Além disso, referidos votos, pela lógica do que ordinariamente acontece na realidade dessas tratativas, consubstanciam-se tanto naqueles obtidos diretamente do próprio político e de seus familiares – então perfeitamente especificados - quanto naqueles alcançados pelo poder dessas mesmas pessoas de interferir na vontade de outros eleitores.

Quanto a esses últimos, a maneira de exercer tal poder de influência e a individualização dos eleitores a ela submetidos devem ser averiguadas ao final do procedimento instrutório para se concluir se houve ou não a adequação típica do art. 299 do CE.

Deveras, é consabido que as condutas e negociações imbuídas de conteúdo criminoso eleitoral são, normalmente, feitas de forma dissimulada ou sub-reptícia, encobrindo-se seus reais objetivos por outros aparentemente não delituosos.

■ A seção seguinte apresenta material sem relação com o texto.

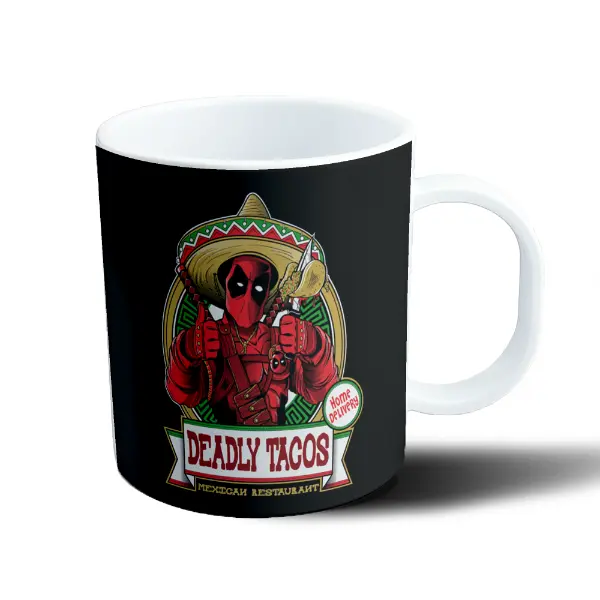 Taza de Plástico Deadpool Deadly Tacos Mexican Restaurant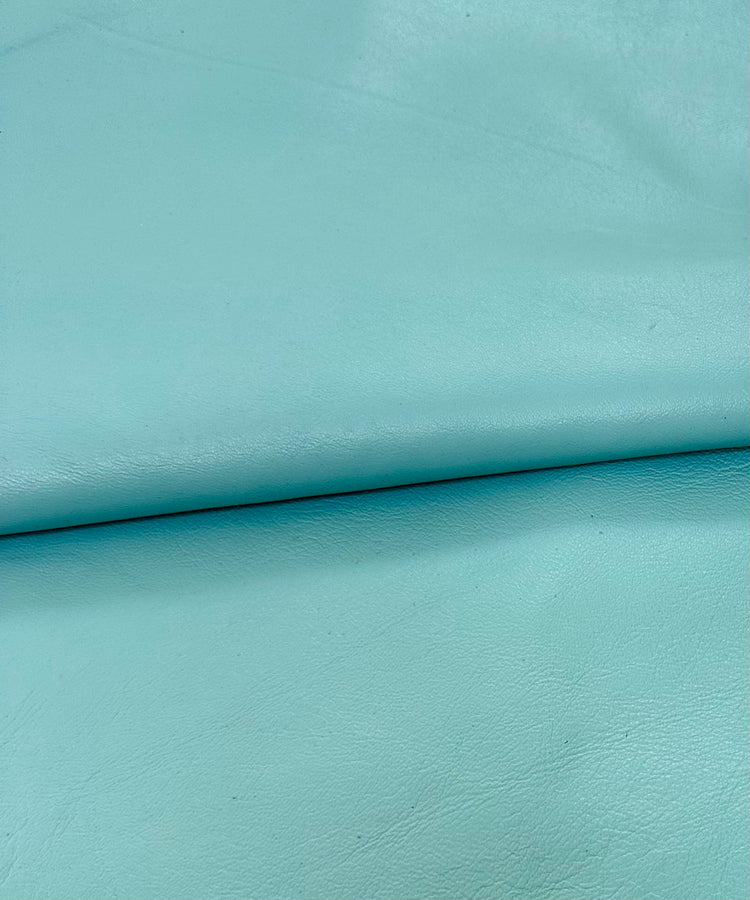 Italian Lambskin Leather - Light blue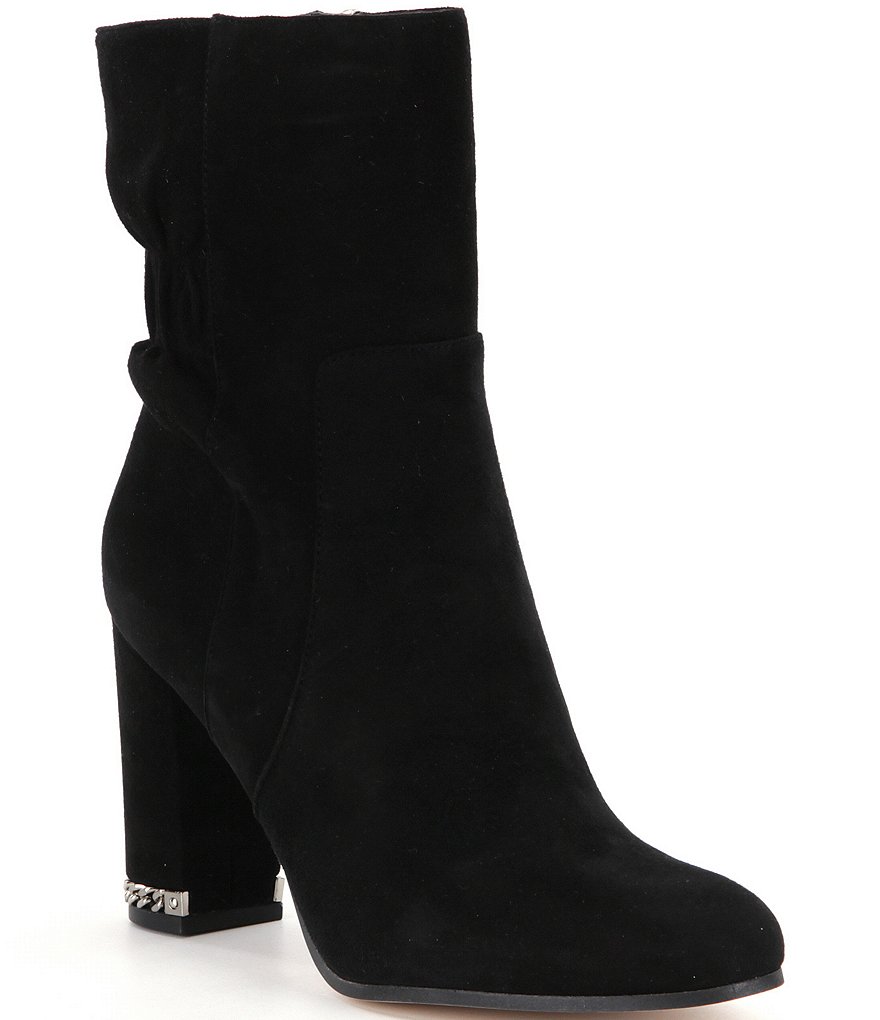 MICHAEL Michael Kors Dolores Rouched Suede Booties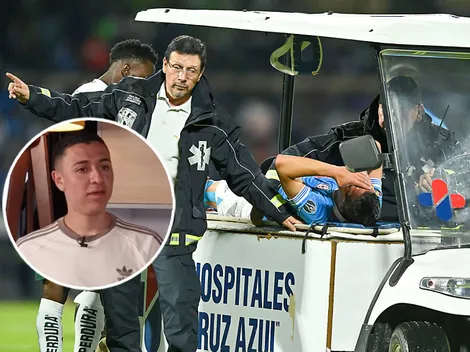 Montaño habla por primera vez sobre su grave lesión en Cruz Azul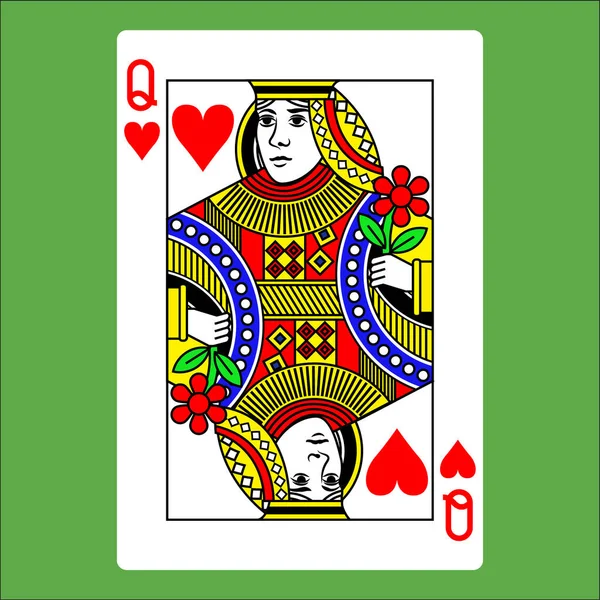 Poker kartı için düz renk simgesi.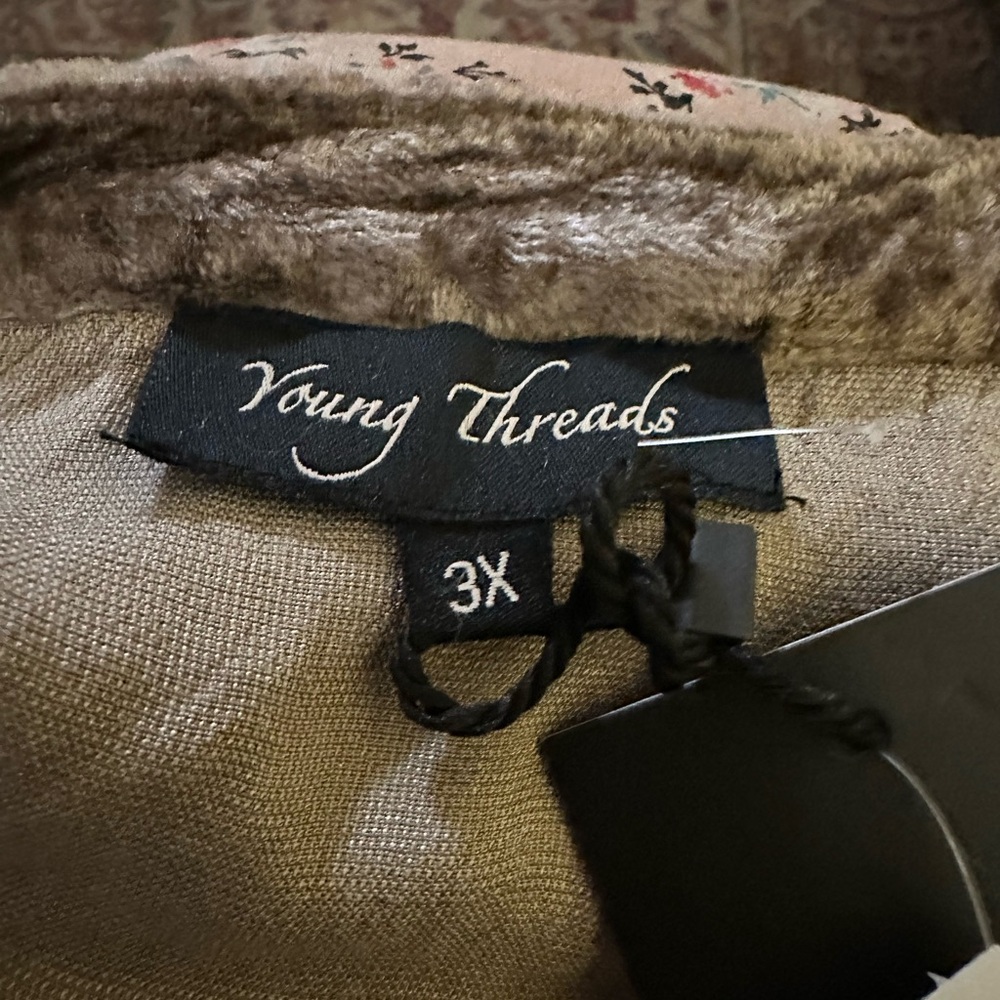 Young Threads Boho Embroidered Patchwork Floral D… - image 7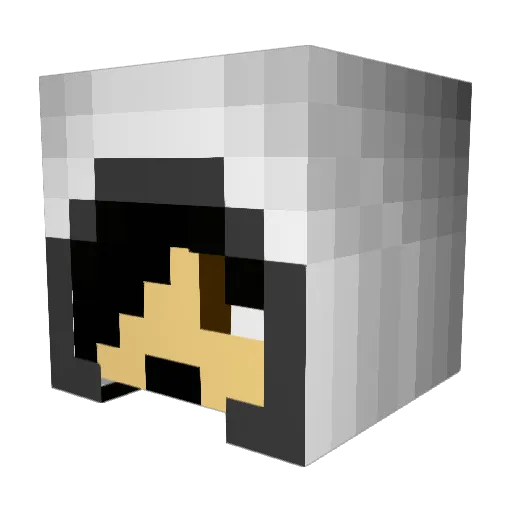Pyromaniac969 Minecraft avatar head, 3D render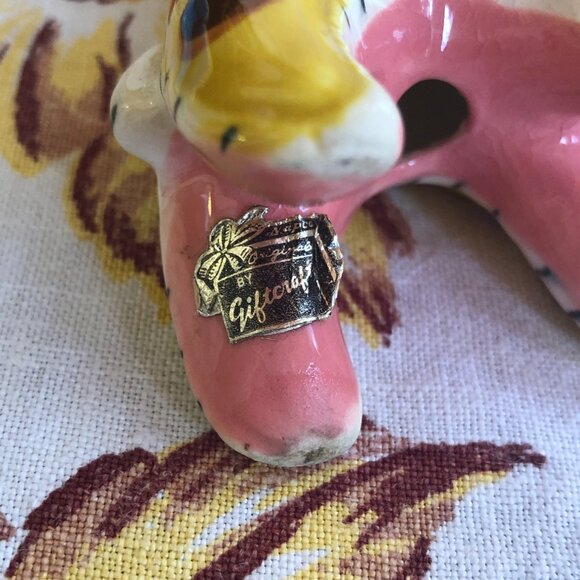 Vintage Napco Stuffed Giraffe Salt And Pepper - Picture 7 of 7
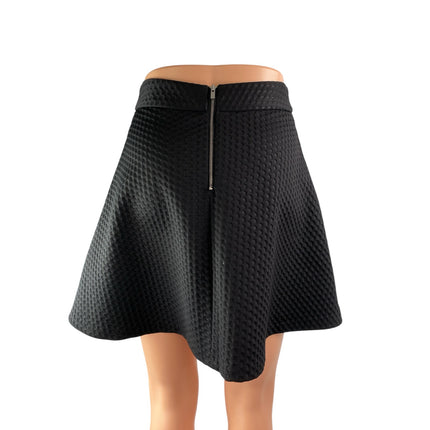 Banana Republic Women's Black Textured High Waisted A Line Mini Skirt Size 0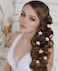 Wecoe White Small Bling Decorative Flower Hair Clips for Women - 20 Pcs Cute Mini Hair Accessories Gift Set for Wedding, Birthday
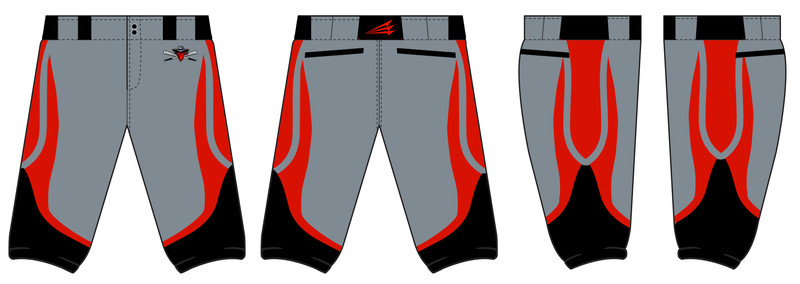 Outlaw Baseball (Smith) Stacheman Elite Custom Knicker Pants #BP3C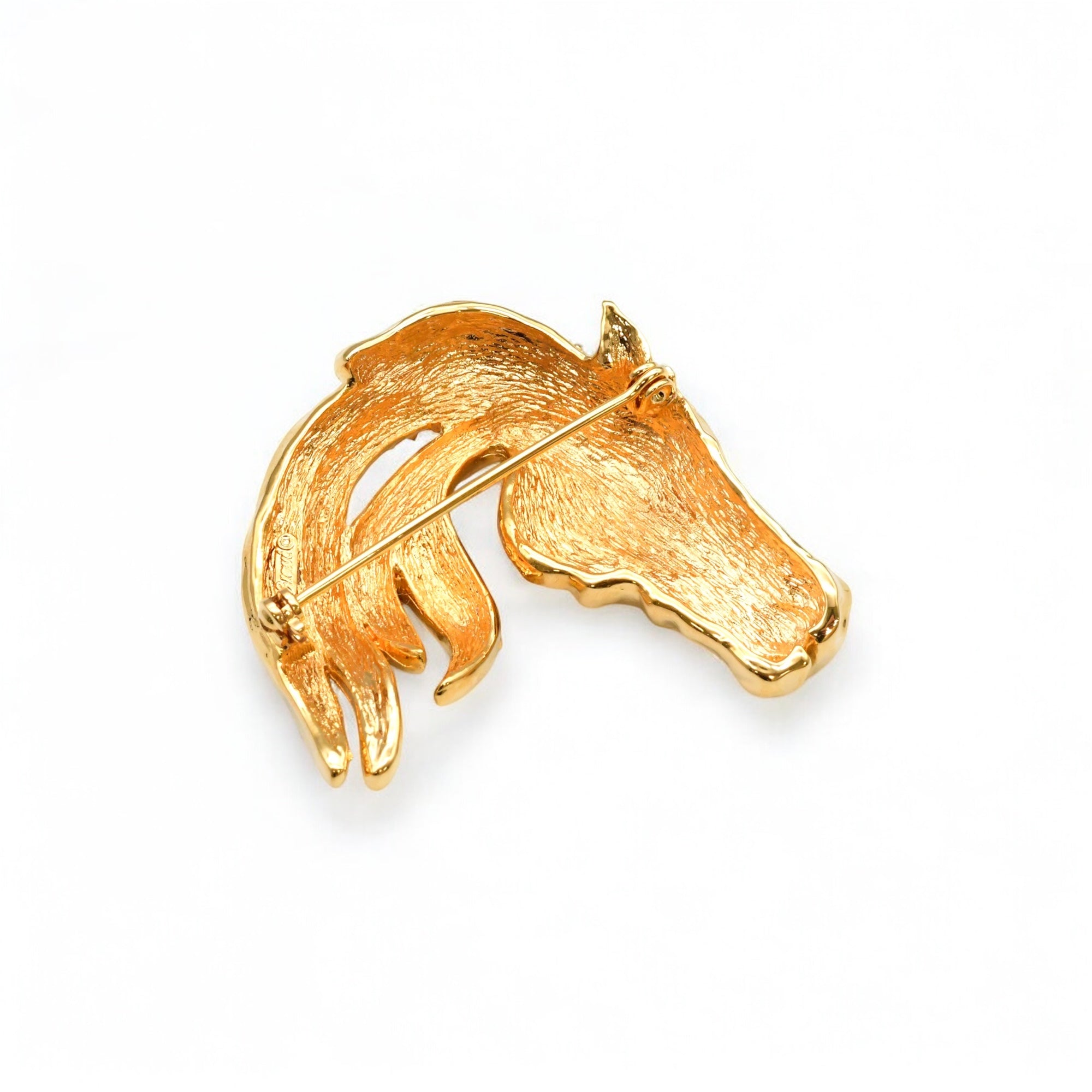 Cheval White Brooch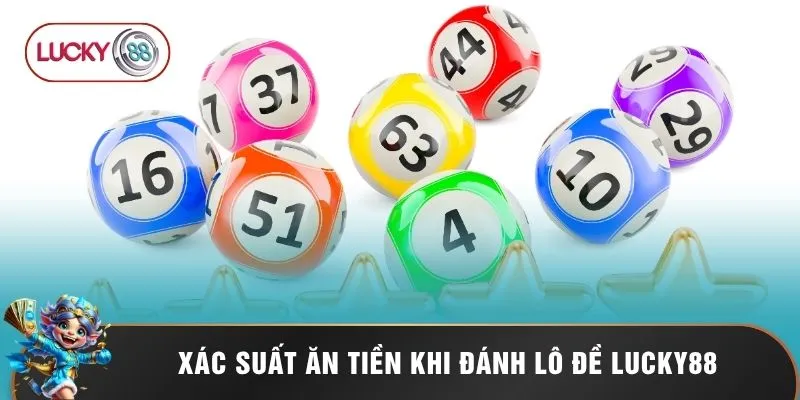 Xác suất ăn tiền khi đánh lô đề Lucky88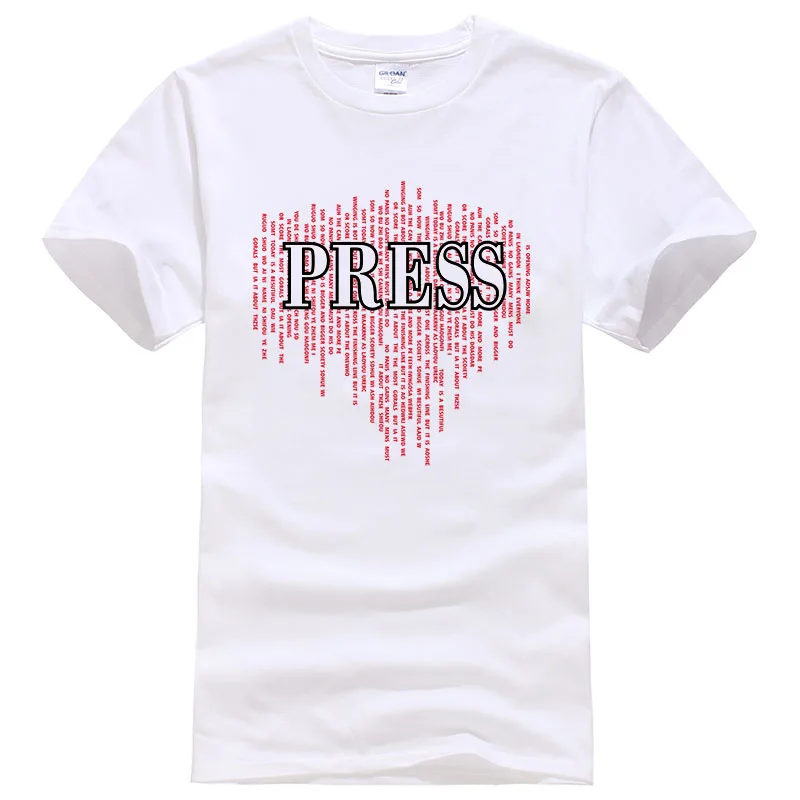 Camisetas Men Women 2017 Cotton short sleeves letter Press printed T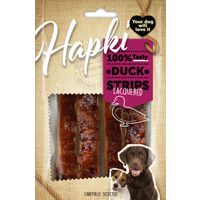 Flamingo Snacks Hapki Lacquered Strips with duck 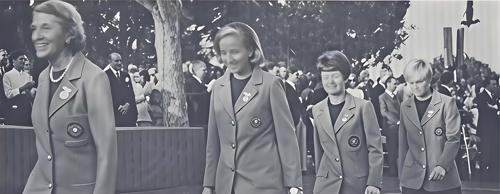 Mrs. Henri Prunaret, Miss Martha Wilkinson, Miss Jane Bastanchury, Miss Cynthia Hill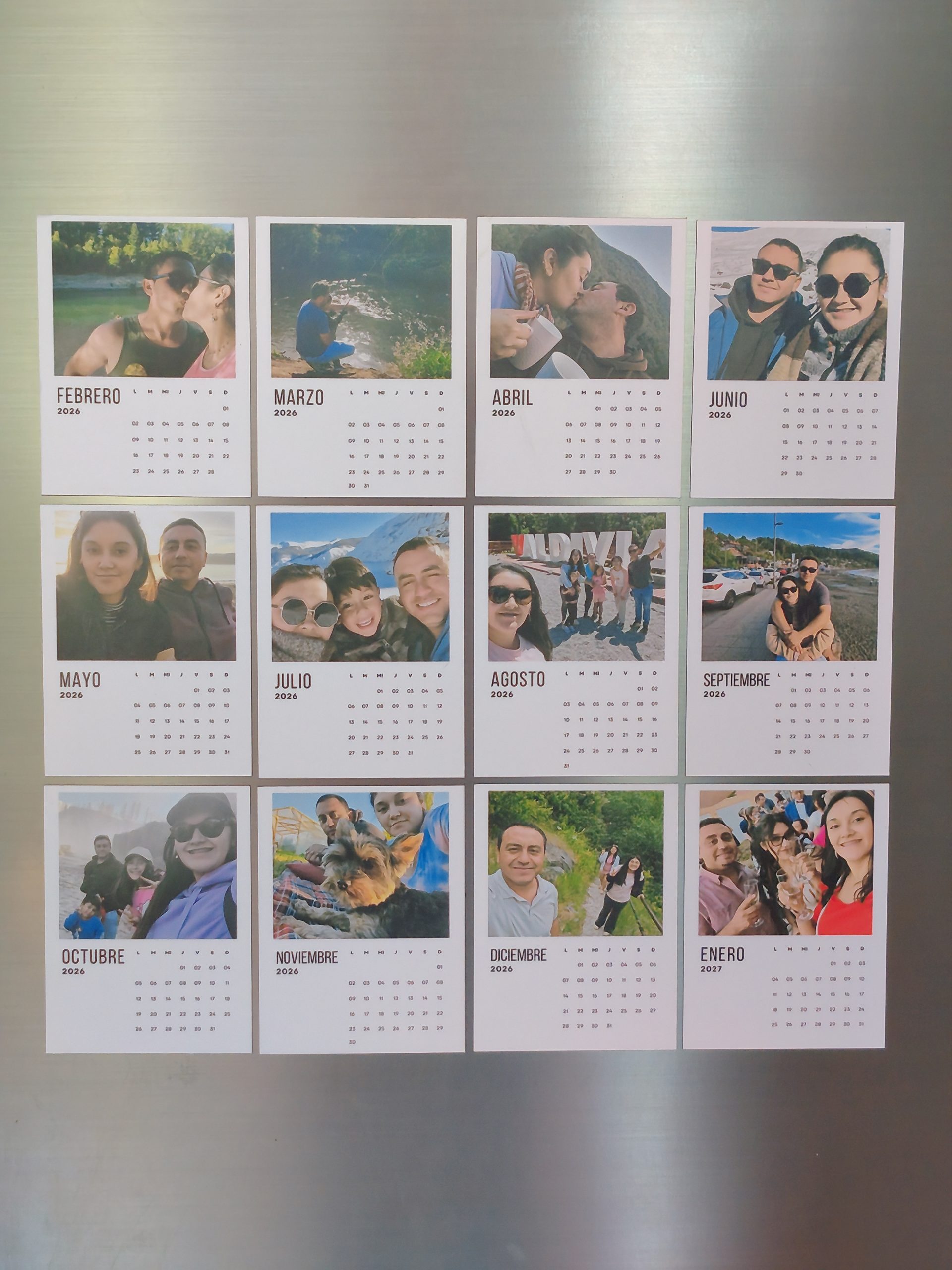 CALENDARIO IMANTADO 12 MESES 9X12 CM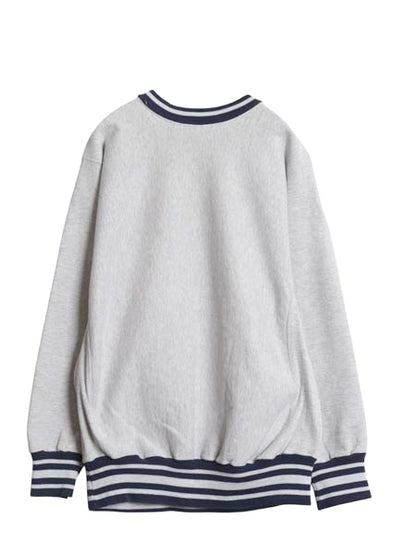 90s USA製 2段 カレッジ プリント スウェット メンズ XL / 古着 オールド トレーナー リバース タイプ ヘビーウェイト 裏起毛 大きいサイズ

Assim, somente a devida instrução processual permitirá aferir com fidedignidade se os fatos sob análise representaram uma negociação normal da esfera político-eleitoral ou transmudaram-se no tipo penal do art. 299 do CE, cooptando votos, com interferência indevida na vontade do eleitor, por decorrência direta e imediata da mercancia eleitoral.

Dessa forma, o fato narrado constitui em tese o crime eleitoral do art. 299 do Código Eleitoral e a inaugural preenche os requisitos do art. 41 do CPP.

Ademais, na linha da jurisprudência das cortes superiores, o trancamento da ação penal por meio do habeas corpus só é admitida em hipóteses excepcionais, quando patente a atipicidade da conduta, ausentes indícios mínimos de autoria ou presente causa extintiva da punibilidade, o que não se vislumbra no presente caso.

Assim, o feito deve seguir seu regular processamento.

Diante do exposto, VOTO pela denegação da ordem, tornando sem efeito a liminar anteriormente deferida.

Comunique-se a presente decisão ao Juiz da 133ª Zona Eleitoral de Triunfo para as providências necessárias ao seu fiel cumprimento.